Odysseus's identity is discovered by the housekeeper, Eurycleia, when she recognizes an old scar as she is washing his feet. Eurycleia tries to tell Penelope about the beggar's true identity, but Athena makes sure that Penelope cannot hear her. Odysseus then swears Eurycleia to secrecy.
Slaying of the Suitors
The next day, at Athena's prompting, Penelope maneuvers the Suitors into competing for her hand with an archery competition using Odysseus' bow. The man who can string the bow and shoot it through a dozen axe heads would win. Odysseus takes part in the competition himself: he alone is strong enough to string the bow and shoot it through the dozen axe heads, making him the winner. He then throws off his rags and kills Antinous with his next arrow. Then, with the help of Athena, Odysseus, Telemachus, Eumaeus, and Philoetius the cowherd he kills the other Suitors, first using the rest of the arrows and then by swords and spears once both sides armed themselves. Once the battle is won, Odysseus and Telemachus also hang twelve of their household maids whom Eurycleia identifies as guilty of betraying Penelope or having sex with the Suitors. They mutilate and kill the goatherd Melanthius, who had mocked and abused Odysseus and brought weapons and armor to the suitors. Now, at last, Odysseus identifies himself to Penelope. She is hesitant but recognizes him when he mentions that he made their bed from an olive tree still rooted to the ground. Many modern and ancient scholars take this to be the original ending of the Odyssey, and the rest to be an interpolation.

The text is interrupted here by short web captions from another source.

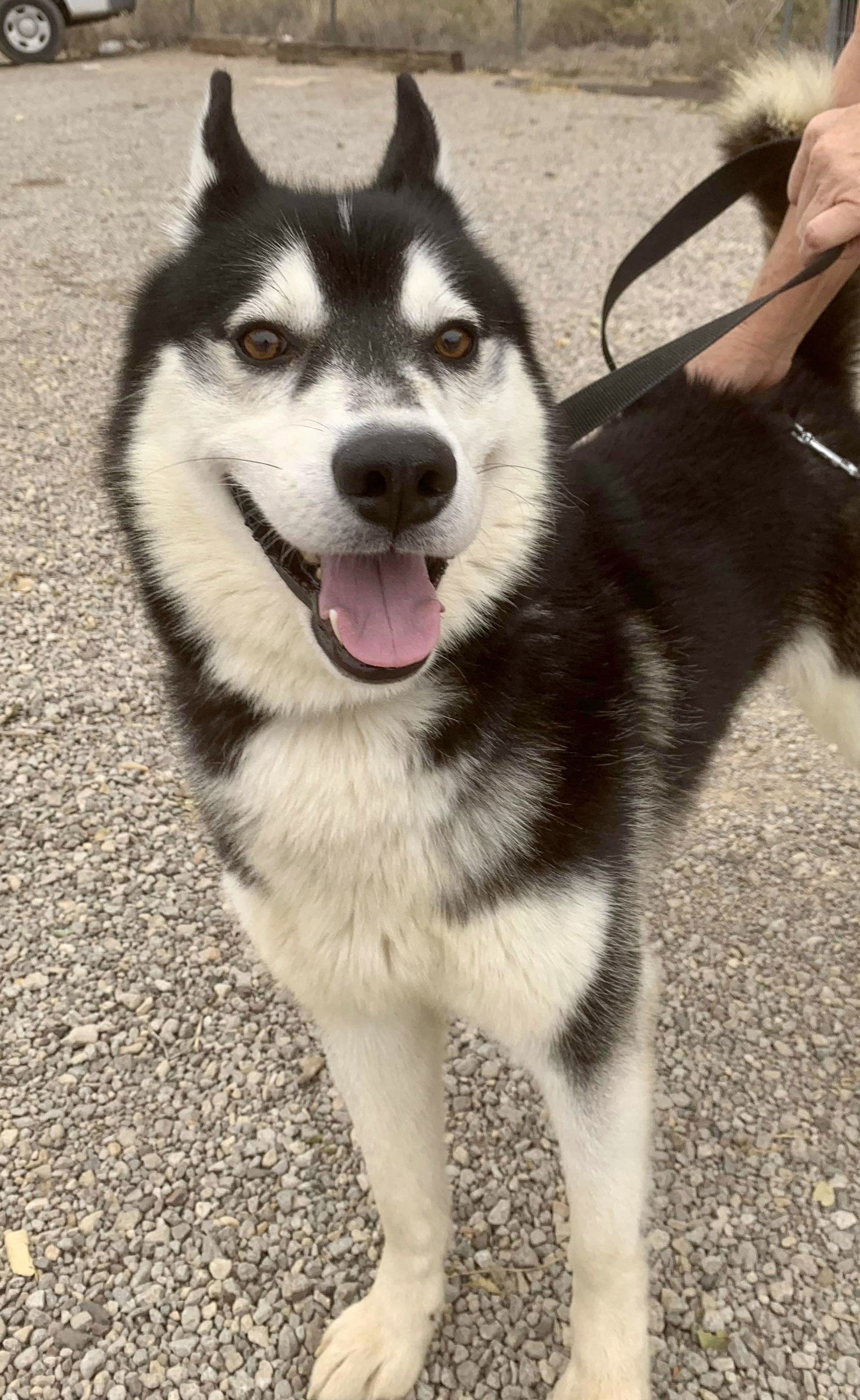 Cosmos, an adoptable Siberian Husky in Cedar Crest, NM, 87008 | Photo Image 3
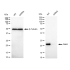 KD-Validated Rab9 Rabbit mAb (20 μl)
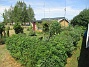 Granudden  
  
2025-07-15 Granudden_0064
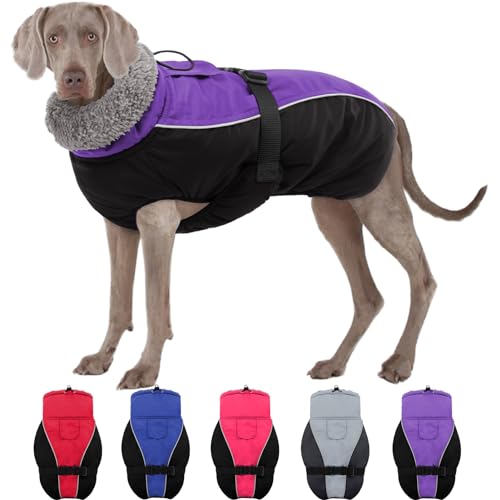 SUNFURA Hundemantel für kaltes Wetter, reflektierend, winddicht, Winterjacke, Kleidung mit warmem Fleecefutter und Pelz, hoher Kragen für kleine, mittelgroße und große Hunde, Outdoor-Weste mit Leine von SUNFURA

The next day he and Telemachus visit the country farm of his old father Laertes, who likewise accepts his identity only when Odysseus correctly describes the orchard that Laertes had previously given him.

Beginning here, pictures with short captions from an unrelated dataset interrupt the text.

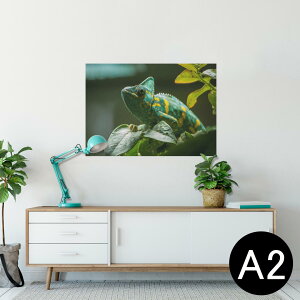 |X^[ EH[XebJ[ V[XebJ[  420×594mm A2 ʐ^ tHg  CeA   wall sticker poster 023102 COAi@ʐ^@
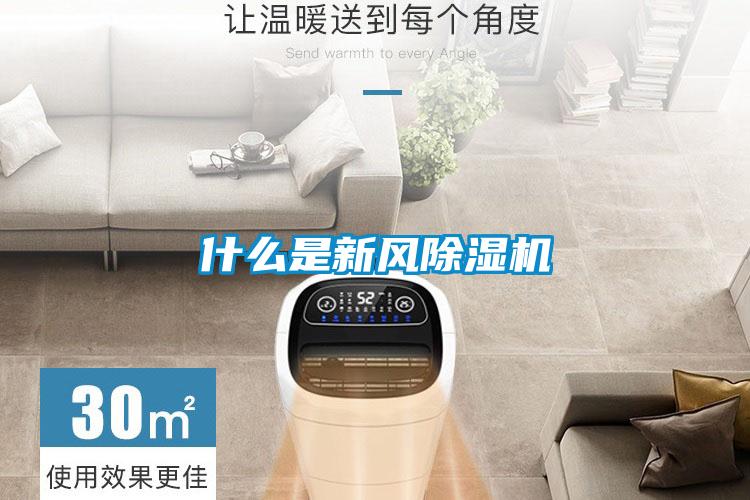 什么是新风精品一区二区三区水蜜桃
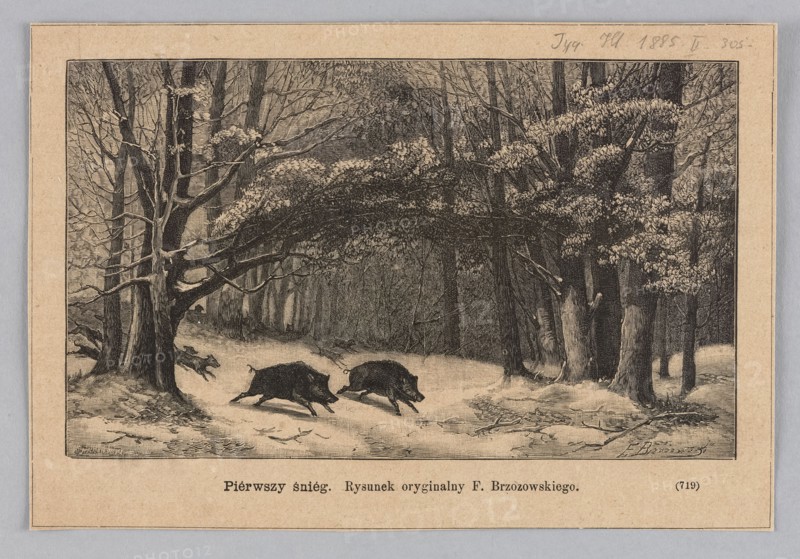 First snow; woodcut illustration after Feliks Brzozowski by Julia Krajewska, 1885. Depicts wild boars, hunting dogs and hunters in a forest winter interior; graphic art/press illustration; Polish painting/reproduction; Warsaw., A detailed black and white illustration of a snowy forest scene shows a group of large trees with bare and leafy branches, their trunks and limbs dark against a lighter ground. In the foreground, a snowy path winds through the trees, and a pair of wild boar appear running along it with another animal further behind. A few broken branches and scattered leaves lie on the snow, and the background fades into a dense stand of trees and undergrowth. The visible colors are shades of black, white, and beige from the paper.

The citizens of Ithaca have followed Odysseus on the road, planning to avenge the killing of the Suitors, their sons. Their leader points out that Odysseus has now caused the deaths of two generations of the men of Ithaca: his sailors, not one of whom survived; and the Suitors, whom he has now executed (albeit rightly). Athena intervenes in a dea ex machina and persuades both sides to give up the vendetta. After this, Ithaca is at peace once more, concluding the Odyssey.